Make-up: I never wore much, but I did wear it to work everyday. And now? Since Lydie died, I have worn it exactly once: on the day of her memorial. It hasn't been a cognizant thing: I didn't declare that I was no longer wearing make-up. Maybe it relates to lacking the motivation to get out of bed every morning. And to be honest, I just don't really care what I look like. I also now wear my glasses instead of contacts most of the time. My eyes get tired from crying all the time.
The phone: I just can't do it. Need to talk to me? Text or email. Being on the phone causes me a lot of anxiety. I did not foresee this one. I did not know that your baby dying could cause you anxiety about the phone. The worst? When my office phone rings and I have no idea who is on the other end or what they want. The few times it has rung since I've been back (luckily we usually stick to email), it has frozen me, causing me to stare at the ringing phone with utter panic.
Pretty Little Liars on the Elliptical: I ran for the first 22ish weeks of my pregnancy with Lydie. Ran while pushing Ben in his stroller, that is. And then I transitioned to the university gym on my lunch break, where I'd watch my guilty pleasure, Pretty Little Liars, on my Nook while getting in my 35 minutes on the Elliptical. Now? Cannot.do.it. The Elliptical or the tv show. One of the most fucked up parts of the death of a baby is how little your life changes after it. Sure, I'm sadder and angrier than I've ever been, but my routine looks 100% the same. Maybe that's why I cling to the little changes.

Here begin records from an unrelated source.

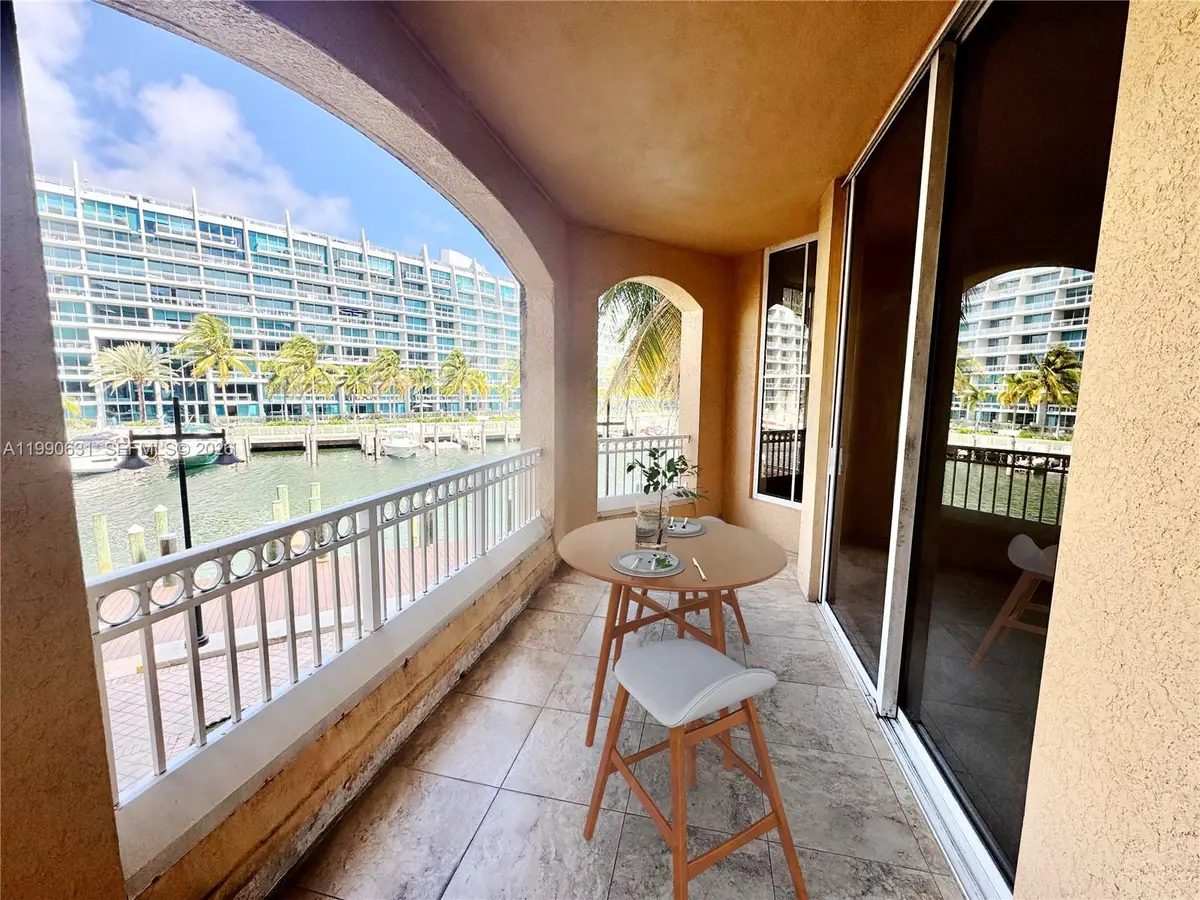 3001 NE 185th St #213, Aventura, FL 33180 - #1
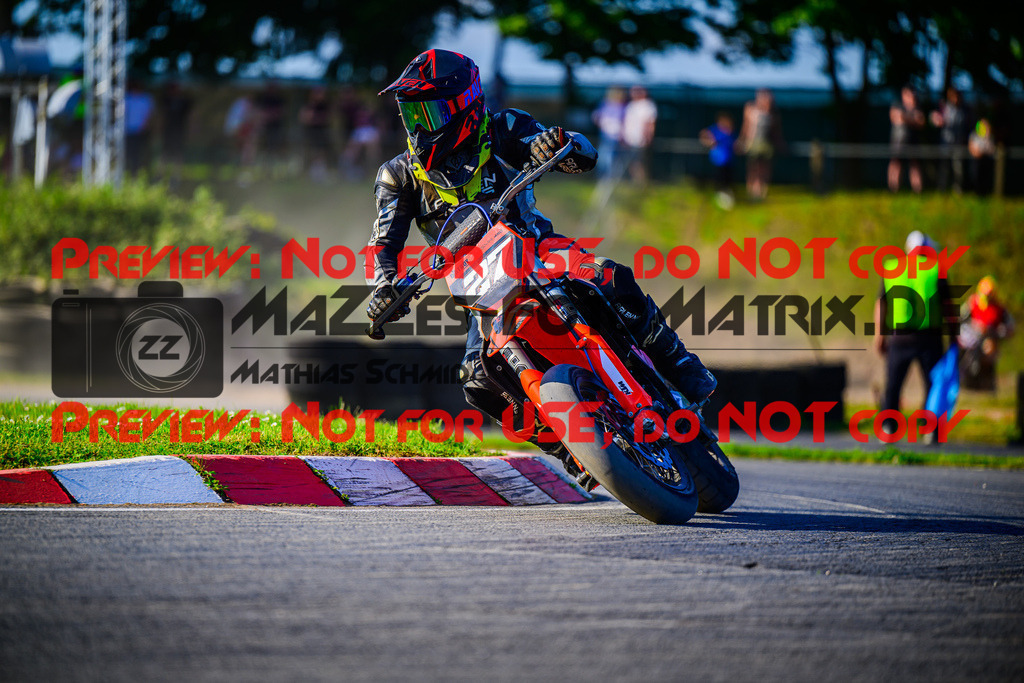 MaZZes_FotoMatrix_240511_6021986_9164 | UE40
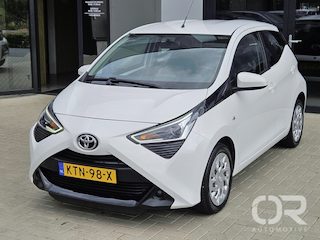Toyota Aygo 1.0 VVT-i x-play Limited Carplay Cam DAB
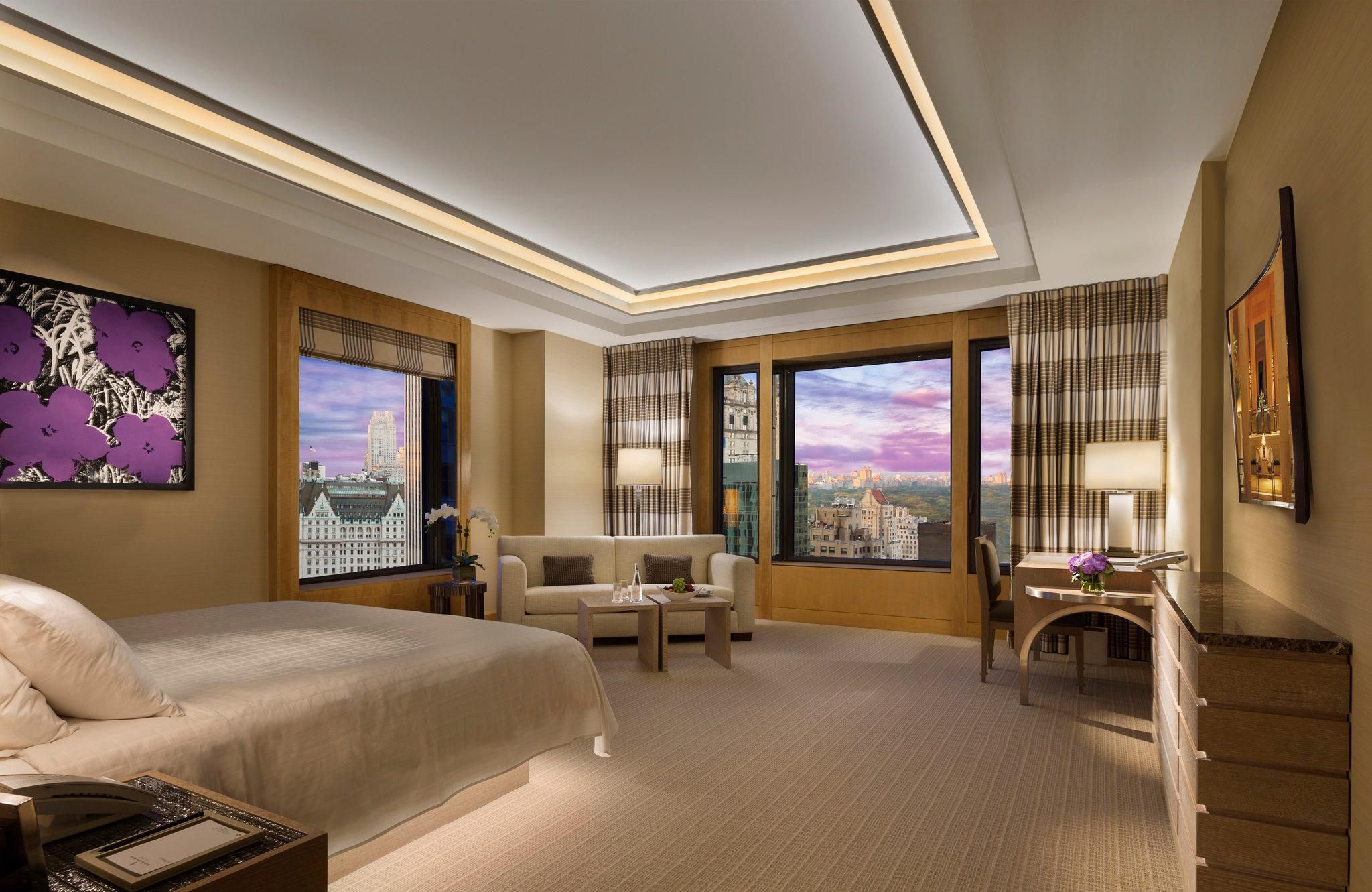 Manhattan Junior Suite King bed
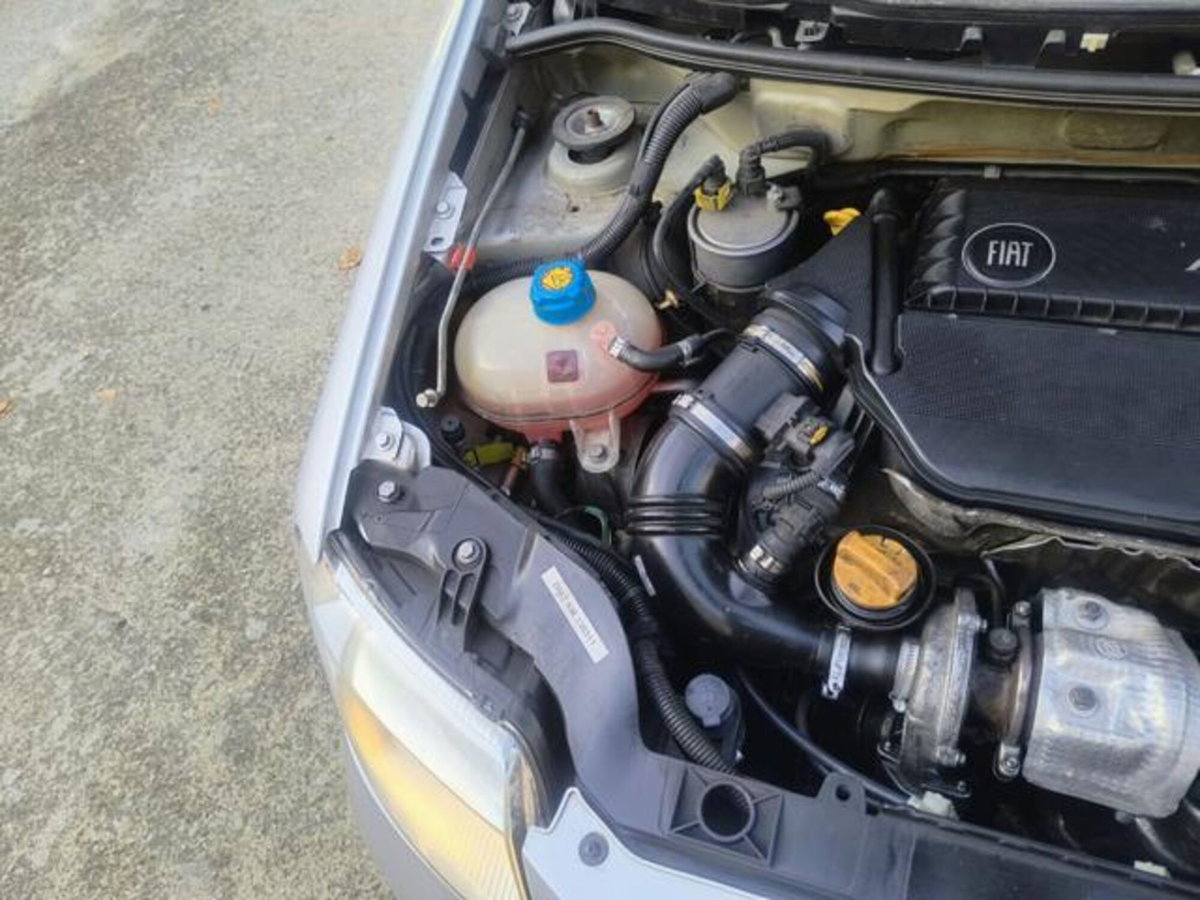 Fiat Panda 1.3 MJT 16V DPF 4x4 Climbing (11)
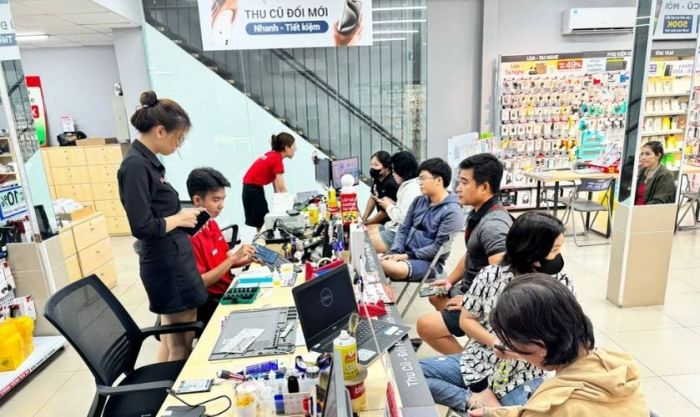 Khắc phục lỗi Macbook cắm sạc vẫn tụt pin nhanh chóng tại Mytour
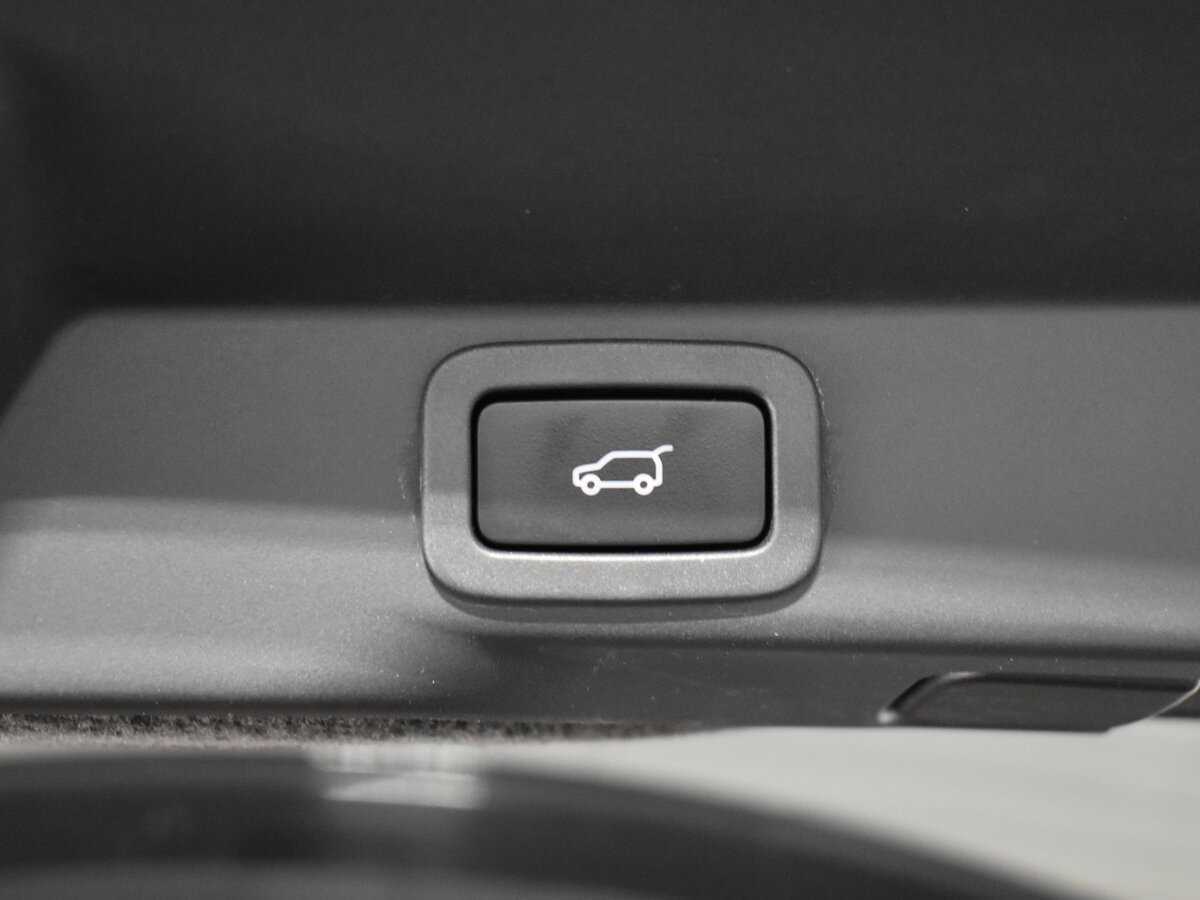 Land Rover Range Rover Sport с пробегом — 2020 год. Фото: #6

So now, at noon, you will find me running circles around the track. See? My daughter died and my life is different now.
I guess we all have our things. Justin has not been able to wear the shirt or pants he was wearing the day we found out the Lydie died again. Me? I can't even tell you what I was wearing, though they had to be maternity clothes which are now tucked in a bin in the basement.
It's a weird dance to try to predict triggers and stay away from them. Because some of the triggers are unpredictable or don't always make a lot of sense.